Sans négliger cette dimension patrimoniale, la communication doit donc « structurer un espace autour de quelques particularités »33 afin de trouver des valeurs communes, support à la création d’une identité qui fédérera les habitants. Ces valeurs “support” sont généralement consensuelles car elles ne doivent pas donner lieu à des polémiques qui créeraient des dissensions et s’appuient donc « sur des thèmes qui se veulent rassembleurs, et sont censés répondre directement à une demande sociale. »34
Dans le cadre de la campagne de communication de la ville de Saint-Denis, la principale limite que l’on peut évoquer est constituée par la nature de la cible – constituée par les administrés – notamment caractérisée par sa diversité socio-culturelle. Si le multiculturalisme est revendiqué par la municipalité, cette hétérogénéité peut constituer un obstacle dans la construction d’une identité locale spécifique, tout comme la présence sur le territoire d’une population en parcours résidentiel, non-impliquée dans la vie locale.
Aussi, l’utilisation des notions d’identité et d’appartenance, au regard de la mobilisation parfois complexe de ces notions, peut être questionnée.

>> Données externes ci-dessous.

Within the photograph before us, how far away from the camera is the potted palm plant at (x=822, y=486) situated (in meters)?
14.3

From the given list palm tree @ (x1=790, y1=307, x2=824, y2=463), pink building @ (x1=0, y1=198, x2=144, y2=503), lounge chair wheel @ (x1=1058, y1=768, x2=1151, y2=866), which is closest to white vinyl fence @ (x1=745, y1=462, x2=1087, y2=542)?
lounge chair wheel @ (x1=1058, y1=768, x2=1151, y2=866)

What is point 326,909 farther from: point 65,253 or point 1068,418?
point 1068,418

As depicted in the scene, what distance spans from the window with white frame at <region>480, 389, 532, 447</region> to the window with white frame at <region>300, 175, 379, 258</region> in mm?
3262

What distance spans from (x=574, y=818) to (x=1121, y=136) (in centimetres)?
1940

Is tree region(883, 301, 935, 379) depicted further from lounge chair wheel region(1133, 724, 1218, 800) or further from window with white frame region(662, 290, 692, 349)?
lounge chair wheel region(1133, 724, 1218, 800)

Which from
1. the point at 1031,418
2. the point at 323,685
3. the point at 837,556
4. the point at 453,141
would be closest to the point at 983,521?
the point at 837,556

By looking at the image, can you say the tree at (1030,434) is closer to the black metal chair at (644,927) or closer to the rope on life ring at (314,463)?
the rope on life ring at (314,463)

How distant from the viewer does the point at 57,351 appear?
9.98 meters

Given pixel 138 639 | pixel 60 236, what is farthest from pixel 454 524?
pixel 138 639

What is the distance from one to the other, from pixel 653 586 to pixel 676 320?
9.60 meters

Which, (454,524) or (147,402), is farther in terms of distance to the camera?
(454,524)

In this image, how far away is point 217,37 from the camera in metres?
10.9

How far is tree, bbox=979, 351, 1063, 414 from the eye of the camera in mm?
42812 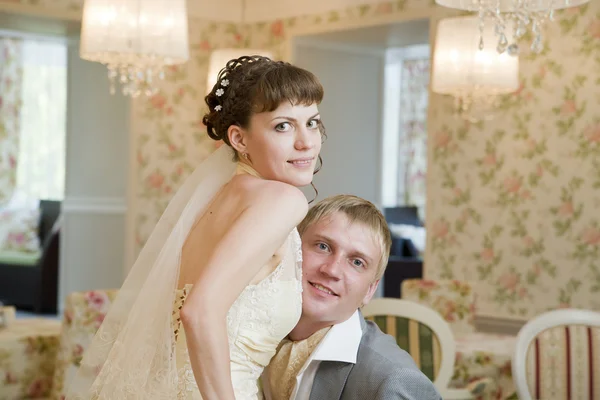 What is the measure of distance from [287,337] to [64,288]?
21.8ft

Territoire, identité et appartenance : limites et questionnements

Depuis la mise en œuvre de la politique de décentralisation en France au début des années 1980, les collectivités territoriales n’ont cessé de se complexifier. L’apparition de nouvelles entités (régions, communauté de communes, intercommunalités, métropoles…) ont imposé aux communicants de faire savoir quelles étaient ces collectivités et leurs compétences afin d’en « d’asseoir la légitimité et la cohérence »35. La construction identitaire est un thème largement utilisé dans le cadre de cette communication car le territoire en tant que support identitaire apparaît particulièrement légitime, les individus se référant « à des modèles explicites ou implicites qui inscrivent leurs comportements passés, actuels et futurs dans une symbolique propre à un territoire. »
L’affirmation d’entités administratives, virtuelles aux yeux des habitants du territoire y étant rattachés, passe ainsi par la construction d’une identité, qui se juxtapose au territoire géographique concret, parfois riche d’une histoire et d’une culture propres. Ainsi, les régions, dont les frontières ont connu des évolutions régulières « récupèrent des parcelles identitaires qu’il s’agit de faire coïncider, ou dont il faut aplanir les difficultés qu’entraîne leur juxtaposition en faisant émerger d’autres éléments porteurs et rassembleurs »37 ce qui peut toutefois donner un caractère artificiel à ces territoires.
Par ailleurs, la notion d’identité locale, même façonnée en dehors de toute polémique, n’est pas neutre et comporte une portée politique qui la rend « particulièrement apte à intégrer les mythes politiques modernes. »38 Véhiculée de façon positive dans le cadre de la communication territoriale, l’identité est toutefois l’objet de questions lorsqu’il est question de “crispations identitaires” ou de “crises identitaires”, révélant les limites d’une identité unique et commune qui masque, dans la réalité, une multitude d’identités difficiles, voire impossibles à conjuguer. Cette analyse questionne l’unité du groupe, qui s’apparente plus à une construction virtuelle et idéalisée qu’à la réalité du territoire, des groupes et des individus qui le composent.
D’autre part, le recours au discours sur l’identité peut être remis en question, apparaissant pour certains comme un prétexte visant à crédibiliser les actions menées par les élus et les communicants et « qui ne contribuerait qu’à masquer des problèmes plus urgents et sans doute plus difficiles à résoudre. »39
Ainsi, à la notion d’identité qui prévalait voit-on celle de proximité émerger : « Si le thème de l’identité reste présent, c’est celui de la relation, de la proximité qui est devenu le leitmotiv des responsables. »40 Elle permet d’illustrer de façon concrète la présence et l’investissement des institutions et de ses représentants, répond aux nouveaux impératifs participatifs qui font du citoyen un acteur de plus en plus sollicité tout en correspondant aux nouveaux moyens de communication – notamment les réseaux sociaux – qui instituent une relation directe entre émetteur et récepteur.
Enfin, l’identité peut également être subie par un territoire et être définie en dehors de ses frontières, une problématique à laquelle est précisément confrontée la ville de Saint-Denis. Cela est plus largement illustré par le cas des banlieues dont l’image est largement façonnée par les médias et par un discours politique stigmatisant, leur attribuant une identité négative, véritable handicap pour ces territoires.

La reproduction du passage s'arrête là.